Le lendemain, Laura et Charlotte recroisent Jah My qui leur propose de venir diner le soir chez lui. J’étais pas très motivée au début, le boug est sympa mais les différences culturelles m’empêchent de vouloir approfondir la relation. Mais Jean et sa famille acceptent tout naturellement. Anna, Martin et Jordi vont attraper des langoustes tandis que je bosse sur mon article de blog précédent (argh tout est décalé) pour ensuite me balader solo sur l’île avec Barbas, le chien de Jordi et moussaillon en chef de la Joia del Mar, qui suit le Catalan partout depuis son adoption aux Açores.
Bref, on va chez Jah My qui est assez enthousiaste à l’idée de faire des langoustes au feu. Martin cuisine les divins crustacés, mais notre hôte commence à angoisser un peu du manque de contrôle de sa cuisine et change d’attitude au fil de la préparation. Et là, c’est le drame, il ne veut pas venir manger, nous dit qu’il n’aime pas les langoustes et qu’on n’est pas respectueux.ses de lui et de sa maison, commence un speech de rasta un peu incompréhensible etc… Charlotte essaie de l’apprivoiser un peu – j’ai compris pourquoi elle bossait dans le social. Bref, un petit épisode un peu confus qui s’est quand même bien terminé mais qui montre les différences de manières de voir les choses et de pensées selon la culture et les habitudes… ou peut-être que Jah My avait un petit grain.

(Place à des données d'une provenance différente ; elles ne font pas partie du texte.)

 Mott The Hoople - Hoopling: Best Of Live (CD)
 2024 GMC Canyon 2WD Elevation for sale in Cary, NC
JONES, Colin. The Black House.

Cet épisode m’amène à réfléchir sur mon rapport aux locaux que je rencontre dans les endroits traversés. J’ai vraiment apprécié d’être poussée à retourner chez Jah My, puisqu’ainsi, notre rencontre n’a pas été limitée à une entrevue éphémère qui relèverait plus du profit personnel d’étancher sa curiosité culturelle, mais elle est allée plus loin par l’intérêt porté à l’énergumène. Si ça en était tenu qu’à moi, j’aurais gardé une espèce de distance qui m’aurait empêchée de retourner chez lui, ce qui est en fait assez dommage et moins vrai. Bref, voilà qui me donne à penser et à apprécier la démarche de Laura et Charlotte.

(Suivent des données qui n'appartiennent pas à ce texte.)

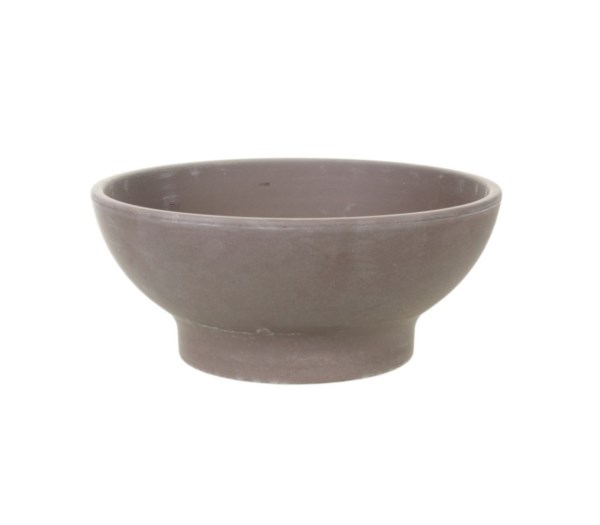 Vazonas bazaltas 22 cm Misa M CERMAX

Merci Marie Galante. On se souviendra de ton Jah My et de la première escale en Guadeloupe du duo Joia / Goelhan.
Bateaux en détresse : premier sauvetage
Deux jours plus tard, on prépare les bateaux à lever l’ancre pour aller aux Saintes, îles voisines. Martin, l’œil affuté, observe un bateau isolé du mouillage, qui parait bien loin. Bizarre. Une demi-heure après, plus de doute possible : le petit voilier dérape. On appelle la Joia. « Jordi est parti avec un mec pour récupérer son bateau », nous explique confusément Charlotte. Bien reçu, il est là-bas. D’un regard, on sait ce qu’on a à faire, avec Martin. « On y va ? On y va ». On lève l’ancre, on approche du bateau, Jordi se débat avec les voiles pour les monter tandis que le propriétaire a l’air de se prélasser dans le cockpit. On se rapproche, Martin saute à l’eau pour aller l’aider, tandis que je reste seule sur Goelhan – au moteur – à faire des tours autour pour choper des images de cet épisode improbable mais finalement pas si nouveau pour moi, c’est le deuxième sauvetage de bateau auquel j’assiste ! (cf mon article sur la transat, où on avait été déroutés pour checker un voilier en panpan en partant des Canaries). Je les laisse se débrouiller très bien, je rentre au mouillage de Marie Galante où Jean viendra m’aider à mettre l’ancre – ça, j’ai jamais fait, à chaque fois je reste à la barre quand on mouille. C’est la première fois que je suis seule sur un bateau en nav ! Je suis tentée de mettre le génois, mais Martin m’avait dit que je devrais le mettre si j’avais un problème. Donc je reste simplement au moteur et je ramène Goelhan à bon port en attendant que les garçons ramènent le voilier dérapant… Au final, c’était un gars qui connaissait rien à son bateau et qui avait mal mouillé, qui avait demandé à Jordi sur la plage d’aller l’aider en voyant son bateau partir au large. Il leur donne 300 euros pour le dépannage… trop forts.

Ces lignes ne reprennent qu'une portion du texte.